Then went to Bon Air Elementary.
Then Robious Middle…
Monacan High…
University of Richmond…

And I even did some graduate work at VCU.

Then toss in the fact that I got my real estate license fresh out of college and you’ve got yourself a Richmonder who has known nothing but real estate.

Lifetime Richmonder. Long time Realtor.

So what does a lifetime Richmond Realtor think of what is going on right now in the market? It is the most bizarre and insane set of market conditions I have seen since I have been in the business (and I got my license in 1993, if you wanted to know how long I have been doing this.)

Was 2006 through 2008 intense? Yes, but not in comparison to the past several springs.
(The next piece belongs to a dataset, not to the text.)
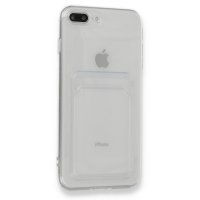 Newface iPhone 8 Plus Kılıf Kart Şeffaf Silikon - Şeffaf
Since the height of the market in 2008, the stock of housing has plummeted by as much as 90% in some of Richmond’s sub-markets. That complete reversal of conditions has occurred in the past 3-4 years and is wholly unprecedented.

And guess what? There is no relief in site.

Everybody Loves Richmond

We could go on and on about the inventory issue we’re facing today, but the bottom line is this: the dramatic spike in demand is driven by a migration back into the city that has been building since the early 2000’s.

 

There is a three-headed housing monster attacking our inventory:

 

  • the leading edge of the Millennial population is entering the housing market and they want to buy in the city at a greater percentage than any of the post-automobile generations that preceded them
  • the population who already calls Richmond home is staying longer as the entertainment districts develop, more amenities are added, and the schools improve
  • the retiring Baby Boomers are choosing to live an urban existence, in lieu of the suburban existence they have lived for the last 25-30 years

And guess what that all means? It means that there simply isn’t enough housing to go around.
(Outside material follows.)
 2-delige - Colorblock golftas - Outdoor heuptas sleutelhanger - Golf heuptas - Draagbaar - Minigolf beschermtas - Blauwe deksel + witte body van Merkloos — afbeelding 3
The Path from Small to Big

So it finally hit me the other day — this inventory condition isn’t a statistical blip, a temporary imbalance, or a pendulum that has swung too far in the other direction — it is a fundamental shift. Richmond, is finally behaving like a big city.
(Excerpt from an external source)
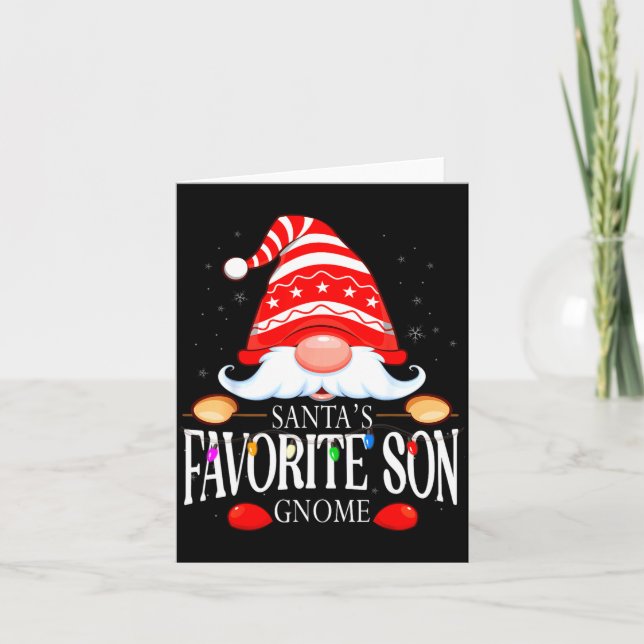 Santas Favorite Son Gnome Matching Christmas Paja  Kort (Framsida)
For decades, the City of Richmond lost residents. From the latter part of the 1960’s to the middle 1990’s, Richmond’s population vacated the city and moved to the suburban areas in the surrounding counties. The population of Henrico, Chesterfield, and Hanover all grew substantially during the same period that the city lost a quarter of its population. Poverty, crime, and failed developments — along with the population loss — were the hallmark of 1970’s and 1980’s City of Richmond.

When your population is leaving, there is plenty of housing to go around. But when everyone wants to come back and you can’t build houses for them, the situation is far different.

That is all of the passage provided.